The hanging of Mumbai terror convict Ajmal Kasab on Wednesday has catapulted India right into the centre of global death-penalty debates.
That India voted against a UN resolution on death-penalty in the General Assembly the previous day, while it was making preparations for Kasab’s execution, made the country look scheming and cold-blooded.
In the eyes of the world and human rights advocates, India sided with countries with terrible human rights records such as China, Iran, Iraq and Saudi Arabia.
But is India that bad?
The answer is certainly NO.
Along with its million contradictions, the country is seemingly trying to grapple with its dilemma on capital punishment as well. Faced with about 255,000 reported violent crimes in a year, including 34,000 murders and 31,000 attempts-to-murder, it wants to look tough, but when it comes to the crux-situation, it palpitates and develops cold feet.
That just one person, alone in a massive mansion, the President, has the final say on the execution, makes it highly personal and eerie. After all, death penalty, as Amnesty International says, is cold-blooded murder and nobody wants to have blood on their hands. It can be as frightening as preparing the noose.
Probably, that is why independent India has executed only 36 people in the last 65 years while America, a country with less than one-fourth of its population and stronger jails, has killed more people in just one year (2011). In India, more than 400 people have a death sentence on them and many of them could have disappeared from the face of the earth by now; but the country is happy to keep them in jails than sending them to the gallows. They certainly include terrible, remorseless criminals.
In fact, President Pranab Mukherjee, by picking Kasab’s case out-of-turn early this month, when 14 others were still in the queue ahead of the Pakistani mercenary for his clemency, has wily-nilly conveyed this point that he is in no hurry in clearing other files. His predecessor, in fact, had sat on them for quite some time and commuted 35 out of 39 petitions to life imprisonment not without reasons.
And the reasons cannot be anything but the human dilemma of choosing between life and death.

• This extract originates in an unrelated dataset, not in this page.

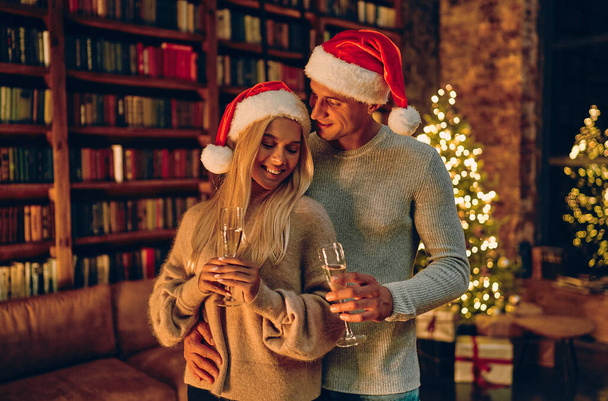 Beautiful young couple in Santa hats is holding glasses of champagne and smiling while celebrating New Year at home. Against the background of the Christmas tree. - Foto, immagini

There are reports on Wednesday that Mukherjee has sent the file on Afzal Guru to the Home Ministry, but it’s very unlikely that he is going to take a decision on him soon with general elections round the corner.
India’s record of executions could have been higher by three more cases — that of Rajiv Gandhi assassins Murugan, Santhan and Perarivalan. But successive Presidents obviously didn’t want to say no to them and hence passed the files. By the time, the previous President Pratibha Patil decided not to give clemency, they had sufficient grounds to go to courts all over again — "an unwarranted, illegal and unconstitutional delay" in executing their death sentence.

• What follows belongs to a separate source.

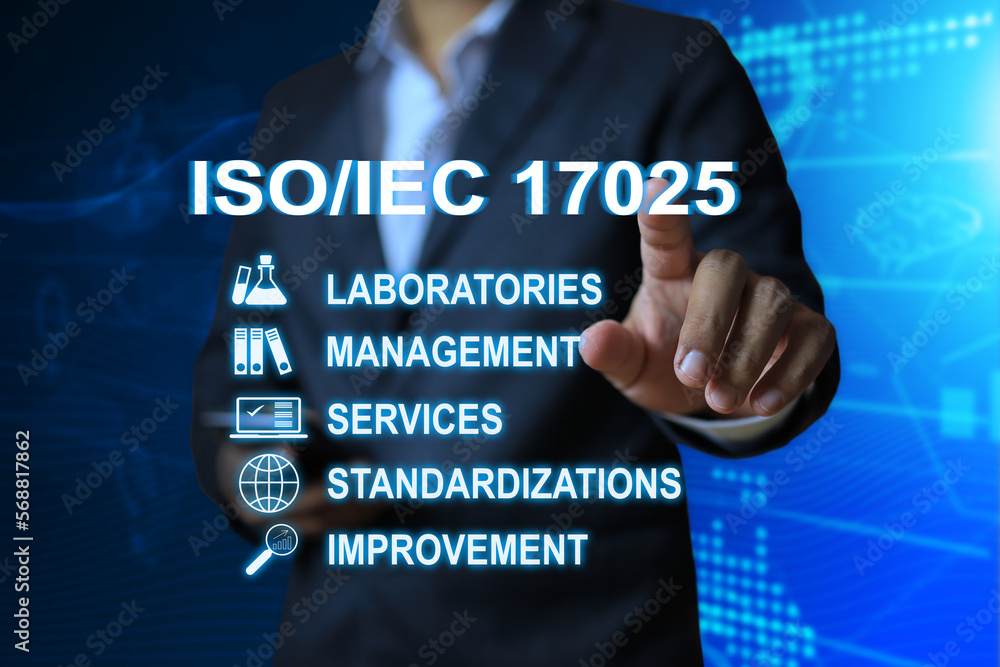 Wall mural Man on a dark blue background is pointing at ISO IEC 17025 wording it's a management standard system for testing and calibration laboratories included the service and improvment guide after audit.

Their original mercy petition was filed in August 2000 and the Presidential decision came after 11 years. Now, their case citing the delay is pending in Madras High Court since August 2011 as they continue with their higher education from jail while their supporters gather public opinion for them.

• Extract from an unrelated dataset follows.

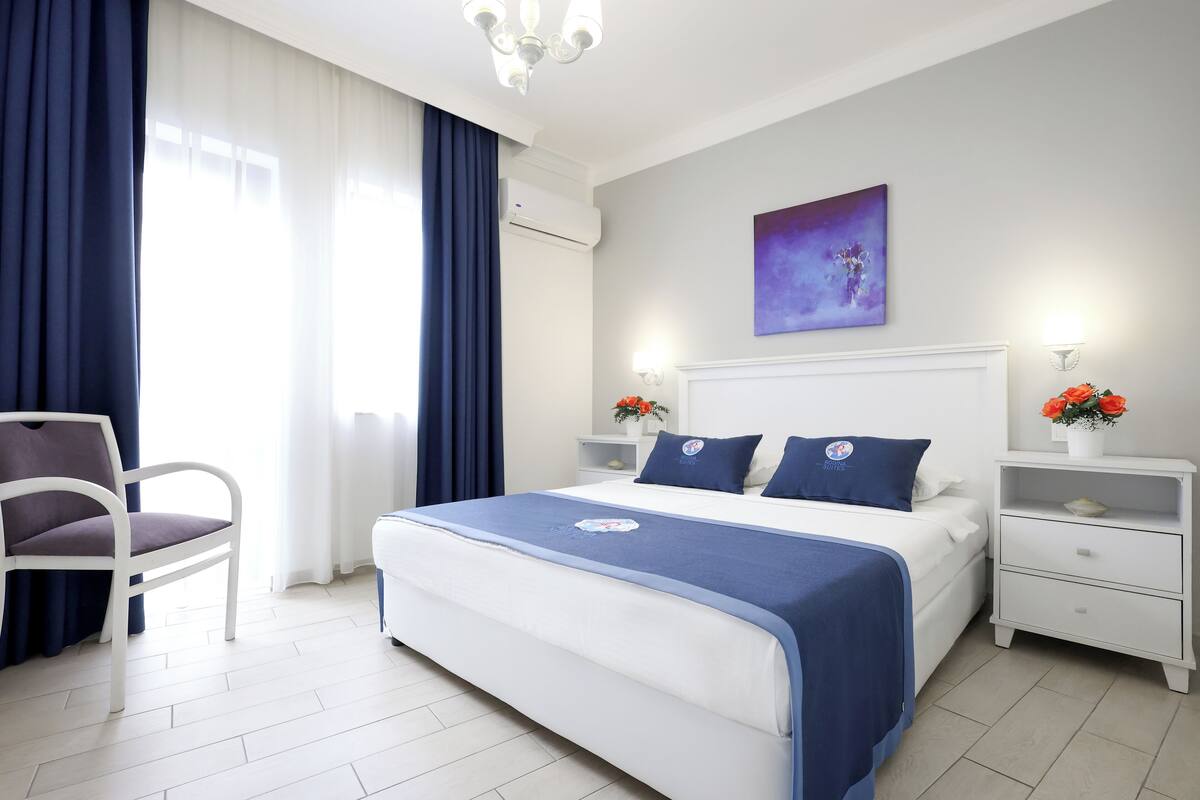 A modern bedroom with a large bed, a chair, a nightstand with a lamp, and a wall-mounted painting.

India’s noticeable departure from capital punishment has been more than obvious at the judicial level too. Death penalty is an extremely rare judicial incident in the country, which is awarded only in “rarest of rare” cases.
The landmark 1980 Supreme Court judgment (Bachan Singh vs State of Punjab, 9 May 1980), which declared as unconstitutional the death penalty against the complainant, had necessitated remarkable judicial wisdom and grounds in awarding death sentences. On Tuesday, a day before Kasab was hanged, the Supreme Court had noted that there was no uniformity in application of the criteria laid down by the 1980 judgment, making lower courts more careful in awarding death sentences.
The point is, barring in cases such as that of Kasab, all is not lost on the death-penalty front in India. India is not as hopeless as China, Iran or even Bangladesh. The country is certainly moving towards a no punishment-by-death situation wherein its courts might still continue pronouncing death sentences in “rarest of rare” cases, but the rest of the system might hold them back.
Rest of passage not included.